## GOAL OF THE EXERCISE
From the data below, please reproduce exactly everything from the line that contains "Schwarzes, figurbetontes Kleid" down to the line that contains "軽量・手作り日傘　ライトグレーに黄色のあさがお 2枚目の画像", with both ends included.

## DATASET EXTRACT
***
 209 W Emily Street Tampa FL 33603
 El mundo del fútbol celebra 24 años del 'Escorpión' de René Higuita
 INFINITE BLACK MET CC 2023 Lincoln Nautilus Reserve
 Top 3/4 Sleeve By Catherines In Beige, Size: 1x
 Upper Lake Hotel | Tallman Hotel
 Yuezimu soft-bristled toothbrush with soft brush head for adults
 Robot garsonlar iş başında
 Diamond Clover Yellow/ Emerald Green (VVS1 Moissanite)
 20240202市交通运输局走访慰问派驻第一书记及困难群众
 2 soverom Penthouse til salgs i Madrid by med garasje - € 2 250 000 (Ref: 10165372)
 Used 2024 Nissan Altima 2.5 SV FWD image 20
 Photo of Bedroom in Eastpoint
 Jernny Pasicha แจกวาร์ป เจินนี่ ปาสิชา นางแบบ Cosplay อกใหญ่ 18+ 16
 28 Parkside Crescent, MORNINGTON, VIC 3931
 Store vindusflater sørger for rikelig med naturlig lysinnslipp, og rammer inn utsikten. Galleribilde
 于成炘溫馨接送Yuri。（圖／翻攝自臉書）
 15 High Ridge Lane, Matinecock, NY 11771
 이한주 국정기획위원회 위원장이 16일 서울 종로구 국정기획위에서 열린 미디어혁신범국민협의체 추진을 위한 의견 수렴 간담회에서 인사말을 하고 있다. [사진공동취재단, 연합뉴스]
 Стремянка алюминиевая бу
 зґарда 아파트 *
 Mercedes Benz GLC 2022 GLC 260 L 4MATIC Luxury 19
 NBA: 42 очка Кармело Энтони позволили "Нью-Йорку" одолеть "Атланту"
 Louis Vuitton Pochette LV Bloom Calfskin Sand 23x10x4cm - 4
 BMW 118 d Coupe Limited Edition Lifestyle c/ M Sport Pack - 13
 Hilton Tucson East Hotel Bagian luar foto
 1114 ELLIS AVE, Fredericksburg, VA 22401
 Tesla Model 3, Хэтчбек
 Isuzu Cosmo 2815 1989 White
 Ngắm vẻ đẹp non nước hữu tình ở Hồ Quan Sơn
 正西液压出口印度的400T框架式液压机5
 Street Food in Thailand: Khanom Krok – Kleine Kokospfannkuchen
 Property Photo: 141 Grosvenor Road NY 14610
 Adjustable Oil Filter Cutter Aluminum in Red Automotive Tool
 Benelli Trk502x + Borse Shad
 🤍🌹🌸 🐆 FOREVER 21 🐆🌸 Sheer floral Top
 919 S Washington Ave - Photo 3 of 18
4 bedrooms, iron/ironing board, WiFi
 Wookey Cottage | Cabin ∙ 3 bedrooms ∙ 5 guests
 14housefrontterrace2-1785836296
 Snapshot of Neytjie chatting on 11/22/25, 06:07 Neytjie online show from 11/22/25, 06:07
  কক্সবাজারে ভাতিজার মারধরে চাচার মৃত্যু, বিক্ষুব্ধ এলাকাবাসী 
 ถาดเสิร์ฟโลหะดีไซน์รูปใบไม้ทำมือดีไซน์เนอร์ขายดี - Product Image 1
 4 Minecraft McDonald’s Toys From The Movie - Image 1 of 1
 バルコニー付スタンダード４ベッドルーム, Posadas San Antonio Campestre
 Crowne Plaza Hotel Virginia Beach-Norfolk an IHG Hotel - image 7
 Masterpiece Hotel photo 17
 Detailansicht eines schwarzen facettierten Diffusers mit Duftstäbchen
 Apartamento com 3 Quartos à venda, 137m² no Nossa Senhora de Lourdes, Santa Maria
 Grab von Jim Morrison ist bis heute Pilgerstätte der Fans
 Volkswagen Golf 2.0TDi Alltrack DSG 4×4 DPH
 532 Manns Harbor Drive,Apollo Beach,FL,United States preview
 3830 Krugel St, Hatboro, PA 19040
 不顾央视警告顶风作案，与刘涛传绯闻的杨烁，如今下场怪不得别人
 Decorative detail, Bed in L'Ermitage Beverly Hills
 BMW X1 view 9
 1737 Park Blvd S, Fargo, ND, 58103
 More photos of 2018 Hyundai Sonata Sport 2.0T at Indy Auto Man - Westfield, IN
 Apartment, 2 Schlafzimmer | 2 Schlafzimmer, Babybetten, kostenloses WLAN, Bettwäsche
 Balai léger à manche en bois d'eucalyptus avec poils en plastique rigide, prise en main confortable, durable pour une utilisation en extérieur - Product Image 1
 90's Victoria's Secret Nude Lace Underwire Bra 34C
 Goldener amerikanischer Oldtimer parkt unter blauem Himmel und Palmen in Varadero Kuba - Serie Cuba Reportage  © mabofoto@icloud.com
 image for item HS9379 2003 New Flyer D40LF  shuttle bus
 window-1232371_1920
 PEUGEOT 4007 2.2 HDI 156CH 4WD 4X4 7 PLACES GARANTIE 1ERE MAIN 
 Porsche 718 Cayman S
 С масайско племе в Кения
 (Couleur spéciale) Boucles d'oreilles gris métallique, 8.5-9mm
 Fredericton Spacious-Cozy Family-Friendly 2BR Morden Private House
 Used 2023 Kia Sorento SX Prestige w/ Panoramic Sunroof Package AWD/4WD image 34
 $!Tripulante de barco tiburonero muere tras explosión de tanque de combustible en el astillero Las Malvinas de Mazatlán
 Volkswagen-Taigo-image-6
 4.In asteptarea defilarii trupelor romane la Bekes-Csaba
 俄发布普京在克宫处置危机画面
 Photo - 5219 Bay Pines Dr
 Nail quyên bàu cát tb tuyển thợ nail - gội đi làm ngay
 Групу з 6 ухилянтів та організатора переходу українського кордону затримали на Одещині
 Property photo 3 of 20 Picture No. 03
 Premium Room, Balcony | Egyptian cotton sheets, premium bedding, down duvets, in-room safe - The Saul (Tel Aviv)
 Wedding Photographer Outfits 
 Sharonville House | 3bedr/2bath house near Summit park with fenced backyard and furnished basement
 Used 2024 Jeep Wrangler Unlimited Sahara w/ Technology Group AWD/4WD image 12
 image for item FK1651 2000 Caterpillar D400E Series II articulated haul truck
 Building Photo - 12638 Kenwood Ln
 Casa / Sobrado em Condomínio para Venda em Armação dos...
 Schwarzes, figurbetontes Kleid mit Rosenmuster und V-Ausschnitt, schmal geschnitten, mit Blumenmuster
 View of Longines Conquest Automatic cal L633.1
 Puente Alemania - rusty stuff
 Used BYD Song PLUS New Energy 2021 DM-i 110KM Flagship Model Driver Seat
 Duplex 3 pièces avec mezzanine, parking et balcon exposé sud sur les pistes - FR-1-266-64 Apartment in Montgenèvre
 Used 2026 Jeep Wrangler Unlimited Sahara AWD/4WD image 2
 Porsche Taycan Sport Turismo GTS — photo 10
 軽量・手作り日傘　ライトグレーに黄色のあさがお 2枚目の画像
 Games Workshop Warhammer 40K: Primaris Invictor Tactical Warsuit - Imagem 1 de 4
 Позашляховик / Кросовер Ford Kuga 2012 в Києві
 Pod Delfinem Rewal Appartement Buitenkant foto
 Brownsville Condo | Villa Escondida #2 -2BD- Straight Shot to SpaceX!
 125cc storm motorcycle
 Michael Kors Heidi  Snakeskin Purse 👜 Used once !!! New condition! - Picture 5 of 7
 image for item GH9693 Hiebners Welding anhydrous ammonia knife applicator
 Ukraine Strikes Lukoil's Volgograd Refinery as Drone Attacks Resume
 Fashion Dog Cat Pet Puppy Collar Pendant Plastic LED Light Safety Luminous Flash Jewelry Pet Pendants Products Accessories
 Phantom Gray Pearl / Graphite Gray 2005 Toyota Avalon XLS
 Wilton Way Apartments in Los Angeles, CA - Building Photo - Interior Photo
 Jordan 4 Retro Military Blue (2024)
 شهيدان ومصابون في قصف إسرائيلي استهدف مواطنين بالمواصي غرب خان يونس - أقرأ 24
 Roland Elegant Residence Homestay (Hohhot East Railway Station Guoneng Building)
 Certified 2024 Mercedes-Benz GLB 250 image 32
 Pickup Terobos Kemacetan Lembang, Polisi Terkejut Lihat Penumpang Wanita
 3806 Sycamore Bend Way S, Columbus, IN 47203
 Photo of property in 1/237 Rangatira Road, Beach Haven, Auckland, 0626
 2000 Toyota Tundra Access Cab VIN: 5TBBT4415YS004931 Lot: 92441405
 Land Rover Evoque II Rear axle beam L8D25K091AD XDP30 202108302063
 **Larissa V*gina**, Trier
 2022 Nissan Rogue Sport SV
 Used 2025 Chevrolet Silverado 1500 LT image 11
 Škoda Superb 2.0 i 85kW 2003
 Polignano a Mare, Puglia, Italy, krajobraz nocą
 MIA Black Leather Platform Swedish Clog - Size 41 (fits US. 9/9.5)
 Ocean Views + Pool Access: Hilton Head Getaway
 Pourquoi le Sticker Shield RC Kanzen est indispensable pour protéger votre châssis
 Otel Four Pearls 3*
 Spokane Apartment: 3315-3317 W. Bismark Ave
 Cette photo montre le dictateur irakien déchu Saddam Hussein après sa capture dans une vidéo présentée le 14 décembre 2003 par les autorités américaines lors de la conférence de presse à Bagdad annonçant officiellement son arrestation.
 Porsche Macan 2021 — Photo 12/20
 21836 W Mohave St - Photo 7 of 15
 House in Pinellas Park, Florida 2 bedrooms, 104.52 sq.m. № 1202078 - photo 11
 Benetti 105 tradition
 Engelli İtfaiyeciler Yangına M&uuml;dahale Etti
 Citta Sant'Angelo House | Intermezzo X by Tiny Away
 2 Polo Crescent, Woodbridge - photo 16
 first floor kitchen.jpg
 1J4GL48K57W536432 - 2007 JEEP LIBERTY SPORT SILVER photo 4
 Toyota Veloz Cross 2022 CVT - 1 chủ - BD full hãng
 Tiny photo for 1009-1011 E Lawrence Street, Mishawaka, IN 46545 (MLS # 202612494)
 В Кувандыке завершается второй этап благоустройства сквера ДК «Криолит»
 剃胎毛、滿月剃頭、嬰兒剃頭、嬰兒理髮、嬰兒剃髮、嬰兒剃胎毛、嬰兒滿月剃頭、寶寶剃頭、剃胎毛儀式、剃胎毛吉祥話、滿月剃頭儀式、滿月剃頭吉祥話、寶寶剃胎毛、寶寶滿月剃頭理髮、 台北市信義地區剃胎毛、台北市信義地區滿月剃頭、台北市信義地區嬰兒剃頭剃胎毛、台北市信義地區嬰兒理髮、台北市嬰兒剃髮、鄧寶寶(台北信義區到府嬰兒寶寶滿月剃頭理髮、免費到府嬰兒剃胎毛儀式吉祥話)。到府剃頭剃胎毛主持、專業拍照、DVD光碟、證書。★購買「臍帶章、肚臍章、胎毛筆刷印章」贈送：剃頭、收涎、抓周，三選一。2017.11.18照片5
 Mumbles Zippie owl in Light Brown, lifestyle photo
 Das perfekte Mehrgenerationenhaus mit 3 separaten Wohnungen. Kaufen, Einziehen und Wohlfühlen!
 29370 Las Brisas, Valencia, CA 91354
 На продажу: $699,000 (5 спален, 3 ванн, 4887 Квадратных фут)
***
## TASK RESPONSE
 Schwarzes, figurbetontes Kleid mit Rosenmuster und V-Ausschnitt, schmal geschnitten, mit Blumenmuster
 View of Longines Conquest Automatic cal L633.1
 Puente Alemania - rusty stuff
 Used BYD Song PLUS New Energy 2021 DM-i 110KM Flagship Model Driver Seat
 Duplex 3 pièces avec mezzanine, parking et balcon exposé sud sur les pistes - FR-1-266-64 Apartment in Montgenèvre
 Used 2026 Jeep Wrangler Unlimited Sahara AWD/4WD image 2
 Porsche Taycan Sport Turismo GTS — photo 10
 軽量・手作り日傘　ライトグレーに黄色のあさがお 2枚目の画像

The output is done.